Why the LHC Won't Destroy the World

An anonymous reader writes "Most people are aware of the recent articles contending that the Large Hadron Collider at CERN might destroy the world. While most scientists have no such concerns, a recent preprint released to arxiv systematically dismantles the notion. The gist of the argument is this: Everything that will be created at the LHC is already being created by cosmic rays. If a black hole created by the LHC is interactive enough to destroy the world within the lifetime of the sun, similar black holes are already being created by cosmic rays. Such black holes would be stopped by dense cosmic objects (neutron stars and white dwarfs). A black hole stopped in one of these objects would eventually absorb it. We see sufficiently old neutron stars in the sky, thus any black hole that could be created at the LHC, even if it is stable, would have no effect on the earth on any meaningful timescale."

Huh?

[kalirion]

Everything that will be created at the LHC is already being created by cosmic rays.

In theory.

If a black hole created by the LHC is interactive enough to destroy the world within the lifetime of the sun, similar black holes are already being created by cosmic rays.

In theory.

Such black holes would be stopped by dense cosmic objects (neutron stars and white dwarfs). A black hole stopped in one of these objects would eventually absorb it. We see sufficiently old neutron stars in the sky, thus any black hole that could be created at the LHC, even if it is stable, would have no effect on the earth on any meaningful timescale.

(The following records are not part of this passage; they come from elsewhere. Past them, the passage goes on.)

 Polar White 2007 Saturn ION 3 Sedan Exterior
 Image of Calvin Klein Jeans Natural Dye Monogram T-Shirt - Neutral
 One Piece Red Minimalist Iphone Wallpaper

See above two "in theories".

Cost vs Benefit?

[BobMcD]

Could someone more knowledgeable than me do a cost-benefit on this one?

Wikipedia (http://en.wikipedia.org/wiki/Large_Hadron_Collider) says this will cost 'between US$5 and US$10 billion', plus we have the potential (even if ridiculously remote) to really mess up the planet.

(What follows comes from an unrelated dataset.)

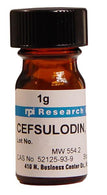 Research Intl C52000-1.0 Cefsulodin, Sodium Salt, 1 g - MDL-RPIC5200010 - 1 Each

The gains, again same source are:

Physicists hope to use the collider to test various grand unified theories and enhance their ability to answer the following questions:

        * Is the popular Higgs mechanism for generating elementary particle masses in the Standard Model realised in nature? If so, how many Higgs bosons are there, and what are their masses?[11]
        * Will the more precise measurements of the masses of the quarks continue to be mutually consistent within the Standard Model?
        * Do particles have supersymmetric ("SUSY") partners?[2]
        * Why are there apparent violations of the symmetry between matter and antimatter?[2] See also CP-violation.
        * Are there extra dimensions indicated by theoretical gravitons, as predicted by various models inspired by string theory, and can we "see" them?
        * What is the nature of dark matter and dark energy?[2]
        * Why is gravity so many orders of magnitude weaker than the other three fundamental forces?

I have some (fairly redundant) questions myself:

A) What is the net-gain, other than knowledge? For example, what are the foreseeable practical applications?

A1) Are any of these potential gains greater than the risk of losing the Earth itself?

A2) Are any of the competing methods of gaining this knowledge comparable? (Assuming any exist...)

B) Why not do these experiments in space? Since we're already on a framework measured in billions of dollars, wouldn't an additional 10% overhead be enough to conduct this somewhere we could merely avoid if things went 'wonky' on us?

I obviously have no stake in this one way or the other, but to date no one has attempted to put this in these terms.

Note to certain ass-hatted, overzealous moderators: This is likely to get hammered here via replies alone. No need to add insult to injury. I really, genuinely am wanting to hear what people think on this topic - AND I feel it contributes to the overall discussion to go over it.